Bangkok Post - Wednesday, December 08, 2004
Measuring a country’s wealth, product prices and income levels is standard fare for economists. But is maximizing wealth always the best policy? Is a wealthier economy, albeit one with a wide income gap, a more desirable outcome than a less well-off economy that has a smaller difference between social equality and economic equality?
While economic theory might be able to model and describe the possibilities of different choices, such questions have few obvious answers, judging from a panel discussion on Monday evening featuring Nobel laureate Clive Granger.
“Some countries have lower income levels, but a happier society and population. What should the focus be? Where does a society want to be?” Prof Granger rhetorically asked the small audience of economists, academics and activists.
“There are limits regarding the environment and resources. If every country says it wants 20% growth over the next 50 years, well, it couldn’t be done.”
As economies grow, wealth distribution typically widens. While economic growth does benefit the poor and reduce poverty, typically growth is most enjoyed by those at the top of the income ladder.
“Is a good economy one where the income distribution remains the same? Does it matter that there are wealthy people?” Prof Granger said. “And how do you best measure the well-being of an economy?”
Such questions, while provocative, may well have no answers, although there is certainly benefit to be gained from further discourse.
Prof Granger, the 2003 Nobel winner in economics, is in Thailand this week to deliver a lecture series under the BRIDGES programme, a project hosted by the International Peace Foundation to promote dialogue in support of world peace. Speakers involved in the programme, which started in late 2003 and will run through next April, include dozens of prominent international political leaders, artists and Nobel laureates.
Prof Granger spoke at Siam University yesterday and plans events at Bangkok and Chiang Mai universities today and tomorrow.
A professor at the University of California in San Diego, Prof Granger was awarded the Nobel with Robert Eagle for their work in the area of causality and cointegration, methods used in econometrics to analyse time series with common trends.
“I actually feel that I am more of a mathematician than an economist,” he said. “In some ways, it’s better. I take a much more skeptical viewpoint than many economists.”
Prof Granger will present a paper this week titled “The Economics of Peace”. In the paper, he notes that countries at peace typically enjoy social stability, lower risk and interest rates and policies that promote trade.
Unemployment is higher for countries at peace than countries at war, with lower investment and decreasing or stable government debt.
The opposite, countries at war, generally show dynamic social change, conscripted full employment, higher risk and interest rates and controlled prices.
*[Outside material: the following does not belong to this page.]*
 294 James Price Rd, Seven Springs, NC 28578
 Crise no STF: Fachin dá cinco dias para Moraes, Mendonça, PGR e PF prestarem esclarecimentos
Trade may be constrained, exchange rates volatile and government debt rising, while investment levels and returns are high to compensate for higher risk.
Prof Granger noted that for peaceful countries, building strong trade ties with other countries was potentially one way to increase the cost of war for aggressor nations.
“How can an economy stay at peace? Trade is one way. And would people say to ensure continued peace?”
Further study will require more data and research into the preferences and desired outcomes of different societies.
“It’s often the case. You have an interesting idea, but there are no data available, or what data there are are unreliable,” Prof Granger said.